The Black Hole of Marriage
My wife and I will be celebrating our 2 year anniversary in October. The last two years have found us discussing, exploring, and analyzing marriage, both as a concept and our own experience. We have attended 2 marriage conferences, participated in a couple’s dinner at our church, read numerous books on the topic, and I have even had the privilege of officiating one wedding ceremony with another coming in the near future. We have learned much.
One thing we have noticed is that much of the literature discussing marriage tends to focus on improving interpersonal dynamics. They seek to answer questions such as, “How do you deal with conflict when it arises?” “What are skills for fostering healthy communication?” “How can you increase emotional/spiritual/physical intimacy?” “What is my spouse’s primary love language?” “How do I be a better husband/wife?” The reasoning behind this impulse is usually stated as such – “Marriage is a reflection of God’s love for the church. A healthy marriage that showcases a strong, covenant love is the best way to reflect God’s love to this broken world.” In other words, God wants healthy marriages. Addressing interpersonal issues can make one’s relationship stronger and healthier. God, then, wants married couples to focus on their relational issues.
As my wife and I have entered into this conversation, we have not disagreed with the above sentiments, but we have recently been convicted that this line of thinking falls short of God’s intention for marriage. We don’t deny that having a healthy relationship is an important component of marriage – we just don’t think it’s the only goal of marriage. It didn’t take long for us to realize that our interpersonal issues were a swirling black hole; the more we got caught up in dealing with our issues, the bigger they seemed to be and the more they seemed to proliferate. They were like rabbits in spring, reproducing faster than we could manage. Was this God’s intention for our marriage, to continuously work out marital issues until we died? Was this our Kingdom calling, to use whatever tips we could find to merely address whatever problem we were facing?
I recently ran across a profound and challenging quote from Stanley Hauerwas and William H. Willimon. They write, “Some marriages today are miserable not because people are not committed to marriage, but because that is their only commitment.”
Maybe the crisis of today’s marriages is not that spouses are mistreating each other; maybe the crisis of marriage in Christendom is that husbands and wives have neglected a sense of mission within their marriage that transcends their relationship.
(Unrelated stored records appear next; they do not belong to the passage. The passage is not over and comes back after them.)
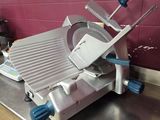 stainless steel counter top with a meat slicer on top of it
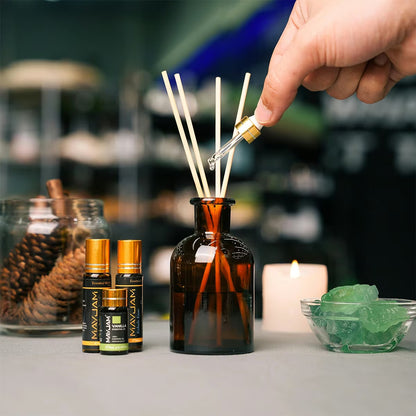 Premium Essential Oils Gift Box 28 Bottles | Aromatherapy Collection | Mayjam - reed diffuser sticks with a hand placing one in a bottle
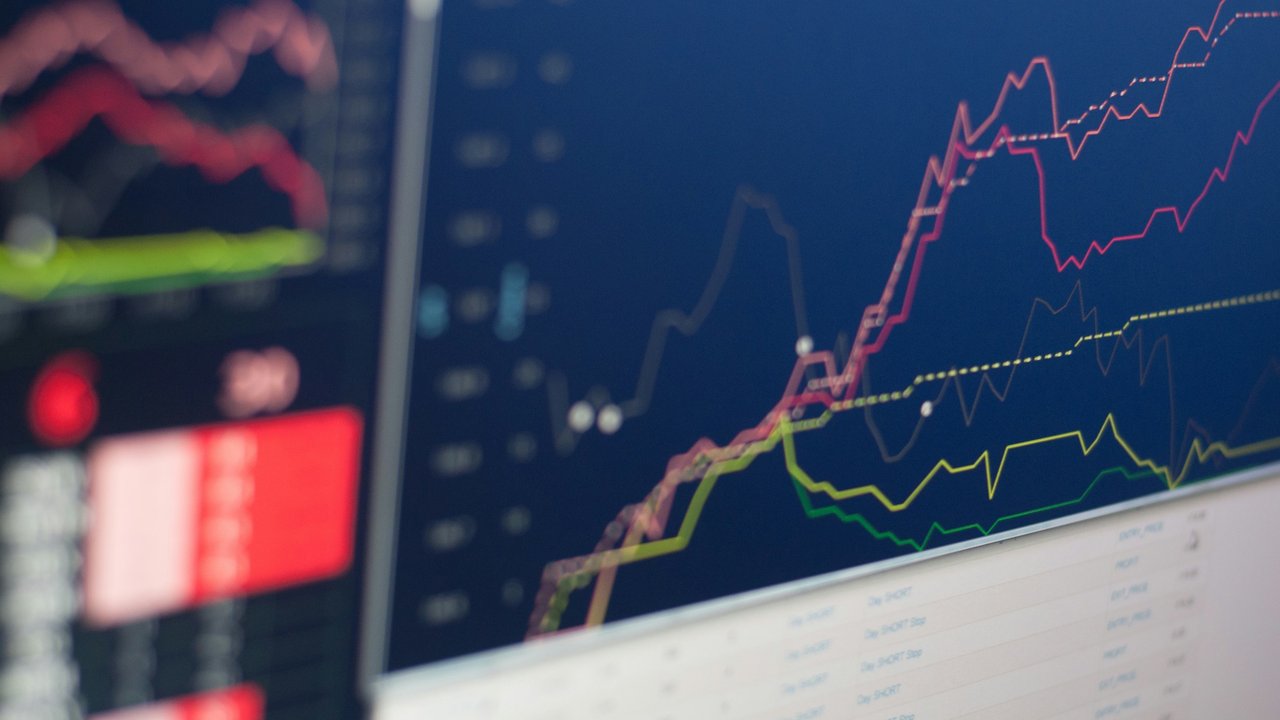 Close-up of a monitor displaying a line graph.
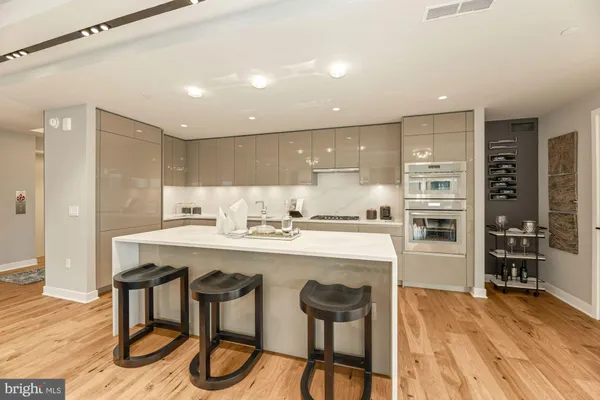a kitchen with a sink stainless steel appliances and cabinets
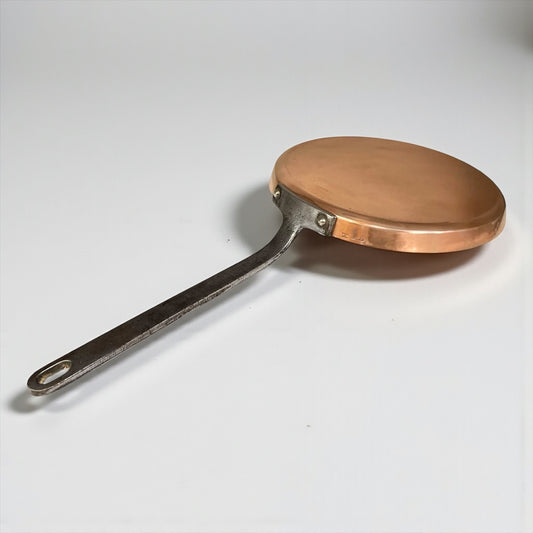 Copper frying pan with a silver handle on a white background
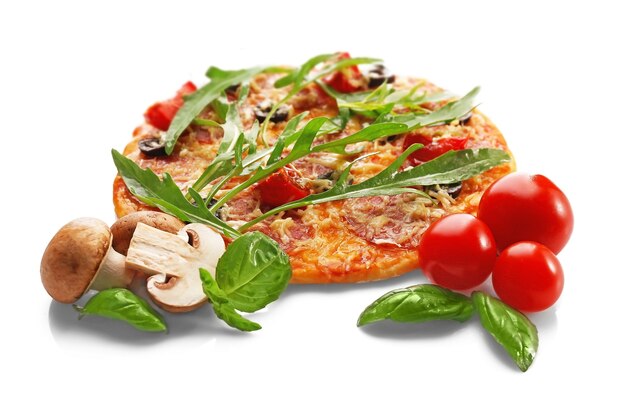 Delicious pizza with vegetables and herbs isolated on white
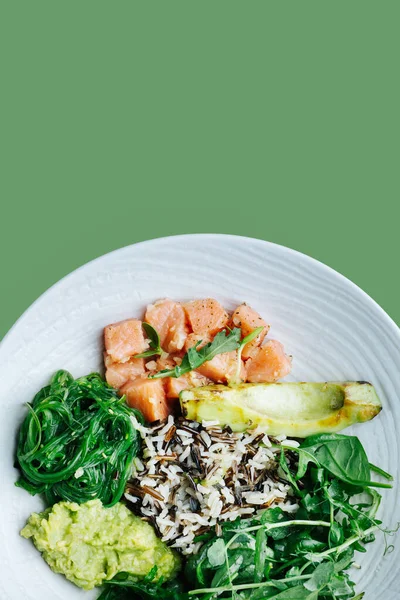 Gezond meel: gezouten zalm met avocado, spinazie, zeewier en bruine rijst — Stockfoto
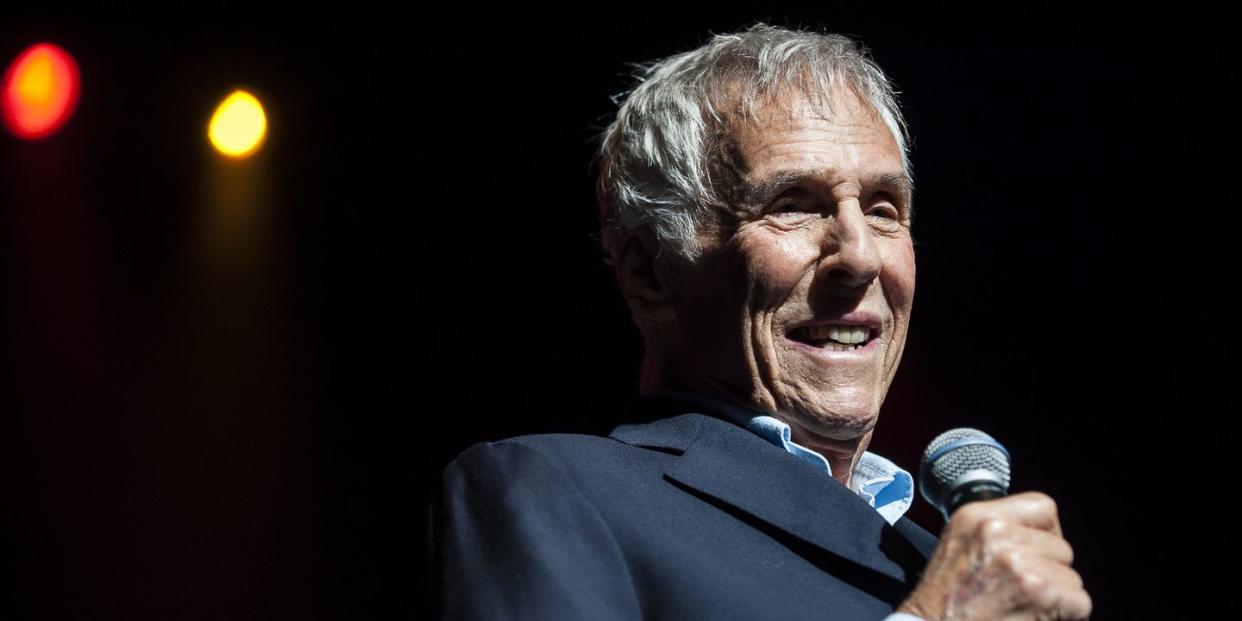 burt bacharach smiling and standing on a stage, holding a microphone and wearing a suit jacket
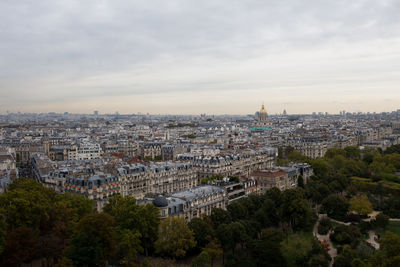 Buildings in city against cloudy sky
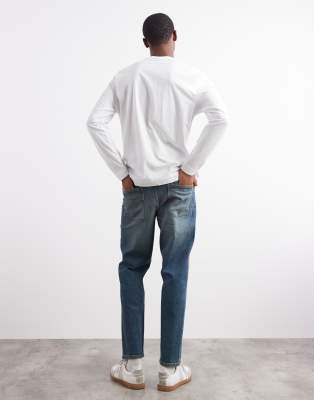 Asos Design Tapered Fit Jeans With Tint In Blue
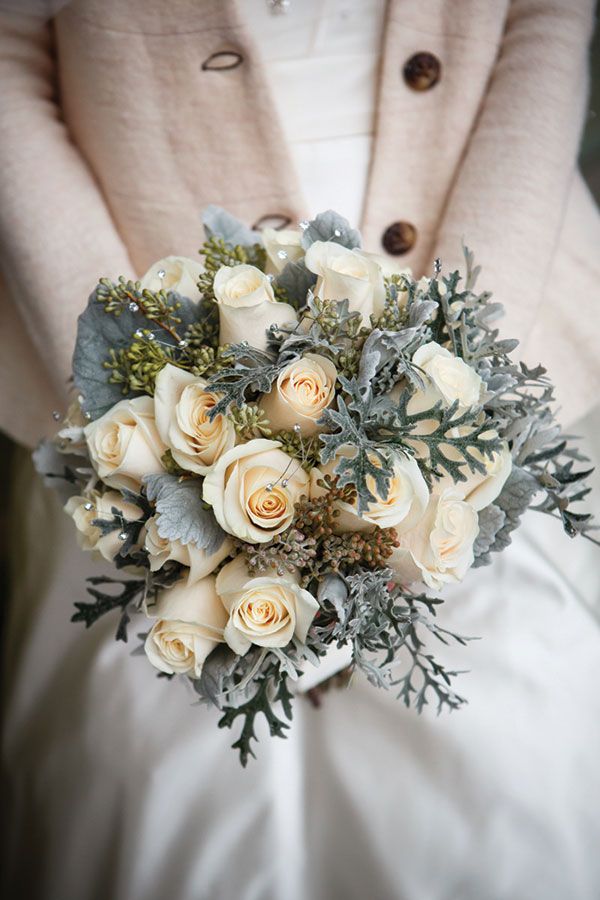 a bridal holding a bouquet of white roses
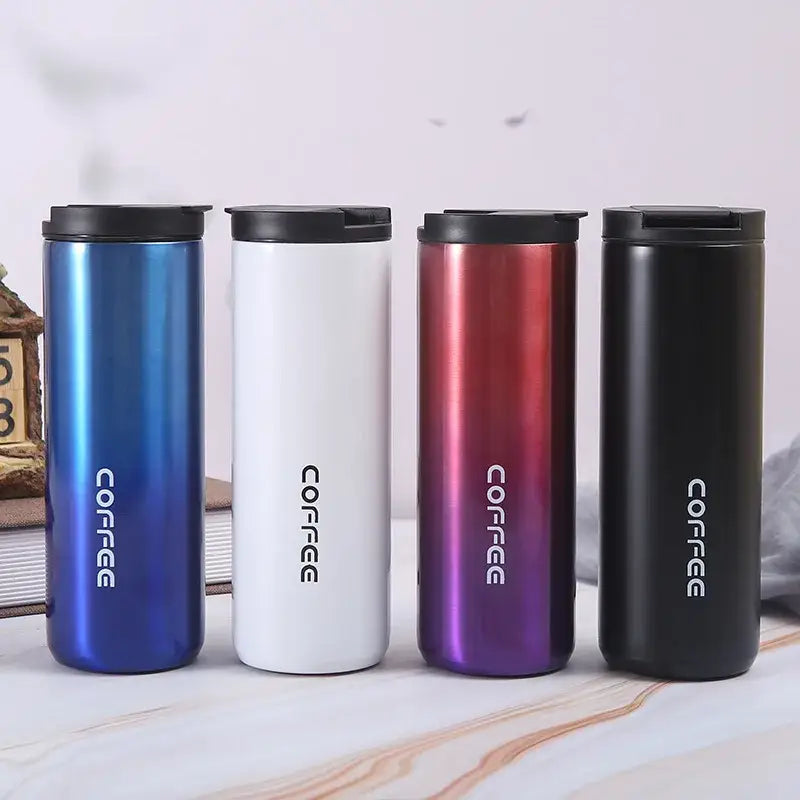 Four sleek stainless steel decorbites insulated espresso cups in blue white gradient and black with black lids for travel
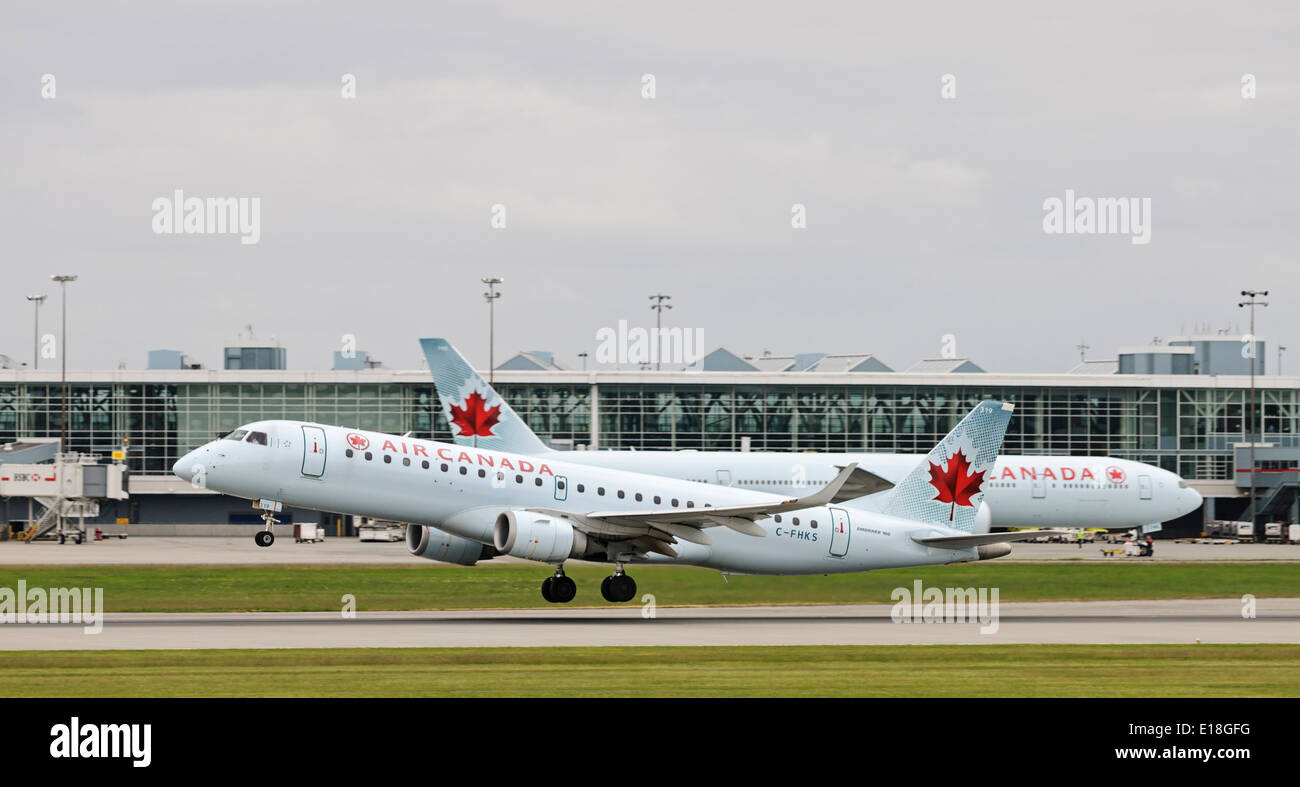 An Air Canada Embraer ERJ-190 (C-FHKS) narrow-body jetliner takes off from Vancouver International Airport Stock Photo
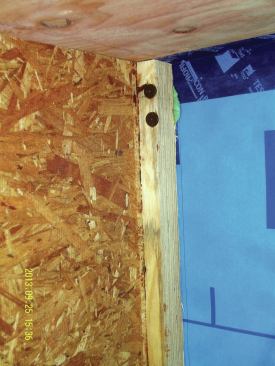 The 6-inch-long HeadLok screws used to attach the I-joists would penetrate the air barrier, so the screw holes were pre-drilled in each joist while it was on the ground, and filled with Pro Clima’s permanently flexible caulk, Contega HF (OR-F). The screws cinched the joist tight to the DB+ and the caulking was compressed for a good seal.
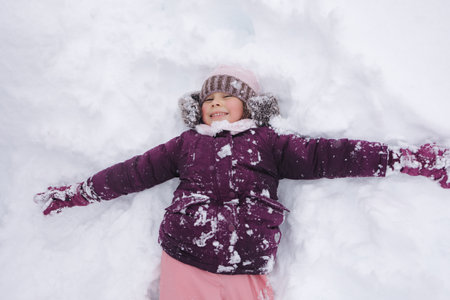 Little girl covered in snow, laughing and playing. A perfect scene of childhood excitement in a winter wonderland. Snow starの写真素材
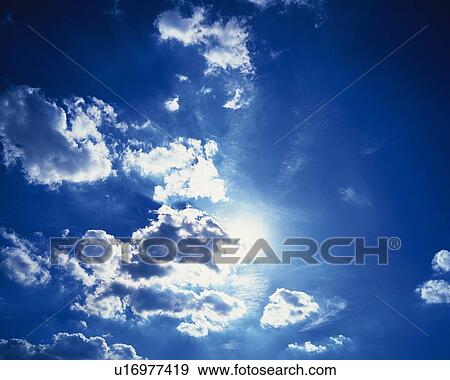 Stock Photo - Blue sky and Clouds with Sun, Low angle view. Fotosearch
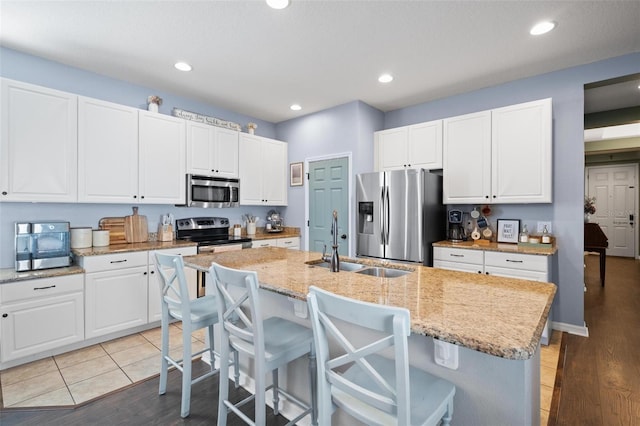 kitchen with stainless steel appliances, a center island with sink, and sink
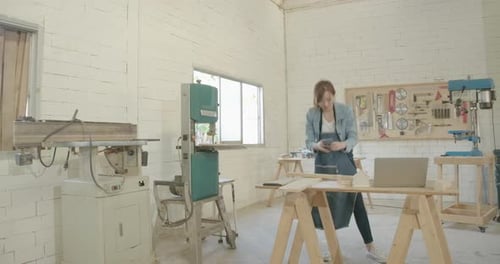 4K Hyper-lapse of Young asian woman carpenter building design house model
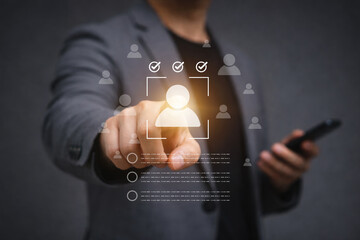 Business professional selecting glowing candidate symbol for recruitment decision, talent screening, human resource management, workforce selection and hiring process concept.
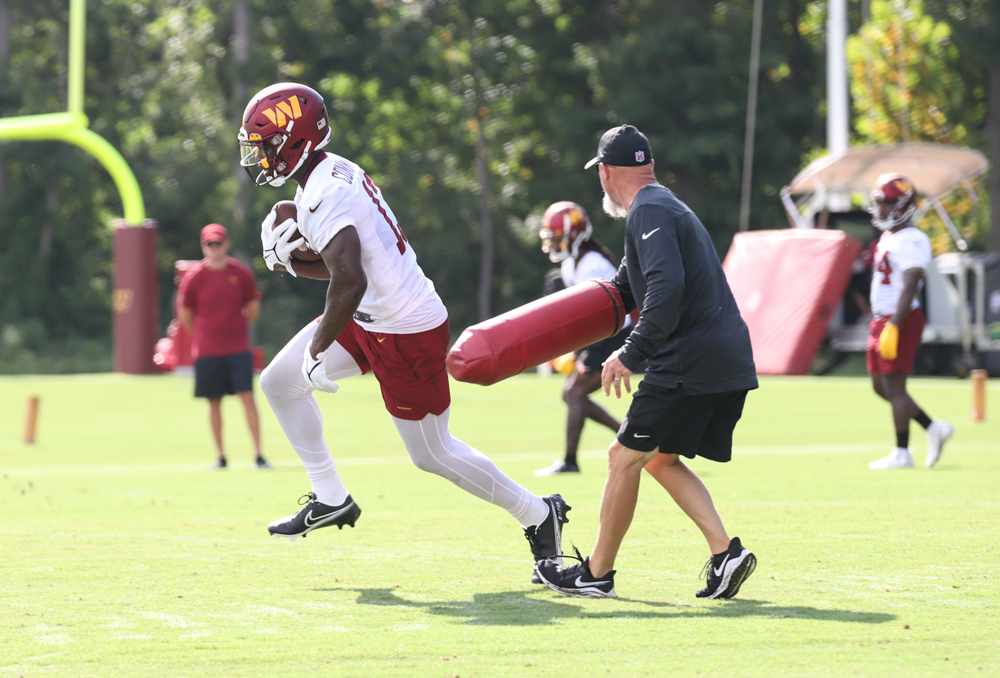 WR Terry McLaurin (17) runs past the coach at the Commanders tra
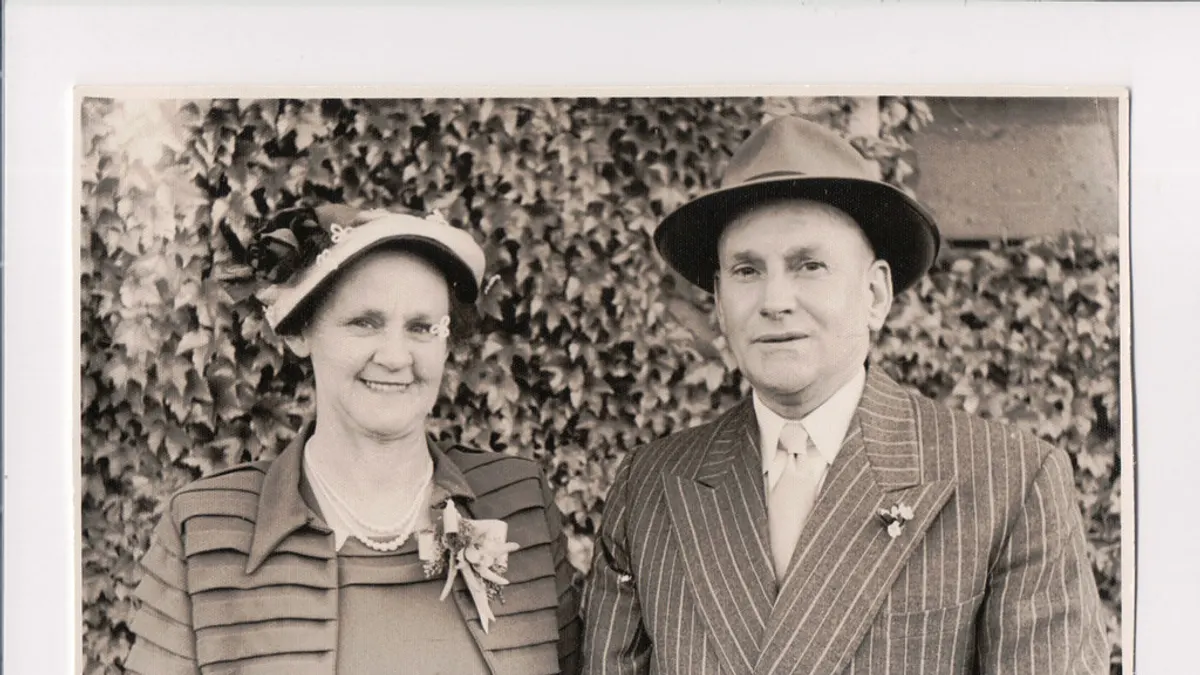 Oud zwart-wit portret van een ouder koppel met hoeden en een corsage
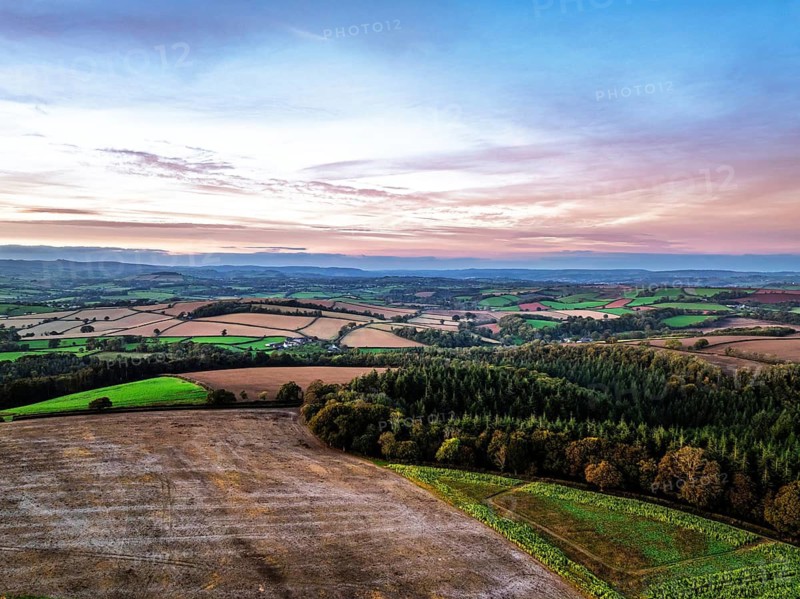 Sunset of Devon Farms and Fields over Berry Pomeroy from a drone, Totnes, England, United Kingdom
We are not incorporated into Christ’s body so that we can experience a healthy community. We are called to Christ and to each other for the sake of the world, to care for the least of these, to proclaim liberty to the captives and good news to the poor. So too with marriage. Husbands and wives are not united in flesh for their own sake, but for the sake of the world. Which means that marriages must be about more than good communication skills.
In Ephesians 5, Paul asserts that marriage is indeed a mystery that points to Christ’s relationship to his church. Christ has given his church a mission, to live as exiles, faithfully participating in His Kingdom wherever they find themselves. Why would marriage be any different?